From the line below that contains "联合国粮农组织发布研究报告称全球渔获量创新高 但浪费与过度捕捞成隐忧" to the line that contains "Best Animal Videos Ever (Part 1)", repeat every line exactly, both ends included, and nothing else.

▸ **Recorded information**:
:::::

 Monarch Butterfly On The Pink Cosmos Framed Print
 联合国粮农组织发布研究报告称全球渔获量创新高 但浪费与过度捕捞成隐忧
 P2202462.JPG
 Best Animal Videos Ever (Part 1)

:::::

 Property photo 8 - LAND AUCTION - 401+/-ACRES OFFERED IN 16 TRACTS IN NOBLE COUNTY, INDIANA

:::::

▸ **Response below**:
 联合国粮农组织发布研究报告称全球渔获量创新高 但浪费与过度捕捞成隐忧
 P2202462.JPG
 Best Animal Videos Ever (Part 1)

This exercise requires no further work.